Hypovolemia itself is rarely an adequate stimulus to trigger a hypermetabolic response, unless
associated with extensive tissue damage or infection. However, if hypoperfusion is prolonged, cellular
death may ensue, which in turn will lead to release of toxic products that can initiate the “stress”
response.
Pain
Pain can be an important activator of the sympathoadrenergic response and lead to a catecholamine
surge with the metabolic effects described earlier. Local tissue destruction is sensed as pain centrally,
which triggers numerous efferent pathways preparing the body for what is termed the “fight or flight”
response.
Determinants of the Host Response to Stress
Each individual, depending on their genetic traits and certain environmental parameters may respond
differently to similar tissue injury patterns. The idiosyncratic nature, intensity, and duration of the
stress response may vary extensively in numerous ways in individuals with certain similar genetic and
body composition characteristics.
Body Composition
Body composition is a major determinant of the metabolic response seen in the acute phase after
surgical or accidental trauma. Posttraumatic nitrogen excretion is directly proportional to the size of the
lean body mass. The balance between nitrogen intake and output is a useful marker of protein
metabolism. A greater muscle mass due to greater long-term physical activity may also confer an
advantage during acute surgical illness and starvation, as the ability of the lean body mass to provide
amino acids for gluconeogenesis during acute illness when it is needed the most, is optimal. Conversely,
excessive adiposity may affect outcomes after intense stress, and this is likely due to an abundance of
proinflammatory precursors.43
Baseline Nutritional Status
A strong relationship exists between preoperative protein depletion and postoperative complications.4
Protein-depleted patients have lower pulmonary muscle strength and reserve, and are more susceptible
to infectious complications, including of the respiratory tract, as well as of the surgical site. Patients
with poorer baseline nutrition also experience impaired wound healing and are subject to longer
postoperative hospital stays.
Age and Gender
Certain patterns in the metabolic response to surgical pathology that occur with aging can be attributed
to alterations in body composition.

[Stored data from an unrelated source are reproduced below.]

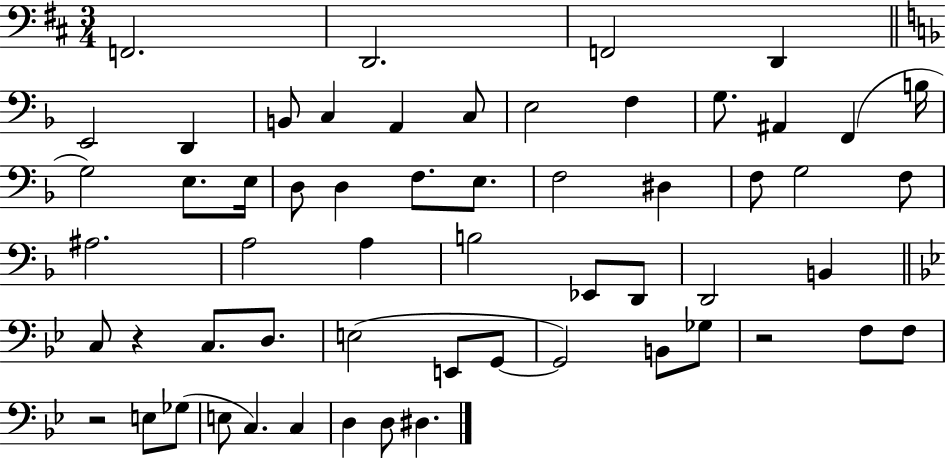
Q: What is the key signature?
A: D major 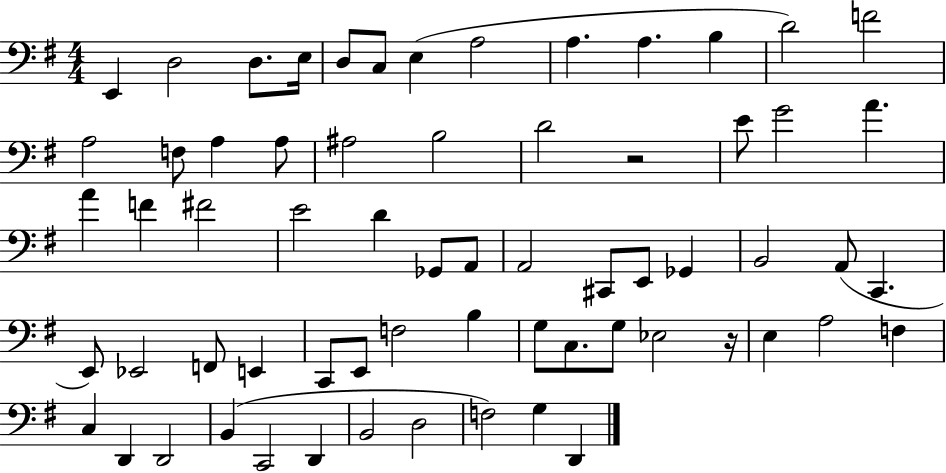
E2/q D3/h D3/e. E3/s D3/e C3/e E3/q A3/h A3/q. A3/q. B3/q D4/h F4/h A3/h F3/e A3/q A3/e A#3/h B3/h D4/h R/h E4/e G4/h A4/q. A4/q F4/q F#4/h E4/h D4/q Gb2/e A2/e A2/h C#2/e E2/e Gb2/q B2/h A2/e C2/q. E2/e Eb2/h F2/e E2/q C2/e E2/e F3/h B3/q G3/e C3/e. G3/e Eb3/h R/s E3/q A3/h F3/q C3/q D2/q D2/h B2/q C2/h D2/q B2/h D3/h F3/h G3/q D2/q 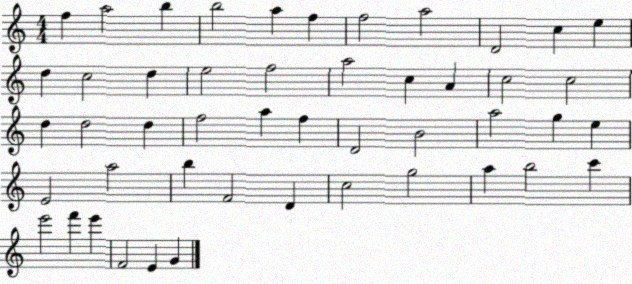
X:1
T:Untitled
M:4/4
L:1/4
K:C
f a2 b b2 a f f2 a2 D2 c e d c2 d e2 f2 a2 c A c2 c2 d d2 d f2 a f D2 B2 a2 g e E2 a2 b F2 D c2 g2 a b2 c' e'2 f' e' F2 E G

Although weight remains roughly stable, fat mass tends to increase
with age, while lean body mass tends to decline. The loss of strength that accompanies immobility,
starvation, and acute surgical illness may have significant consequences. Although the increased energy
requirements after elective surgery occur essentially independent of age, the capacity of muscle to serve
as a source of amino acids may be limited during acute surgical illness in the elderly, and muscle
strength may rapidly become inadequate for respiratory function.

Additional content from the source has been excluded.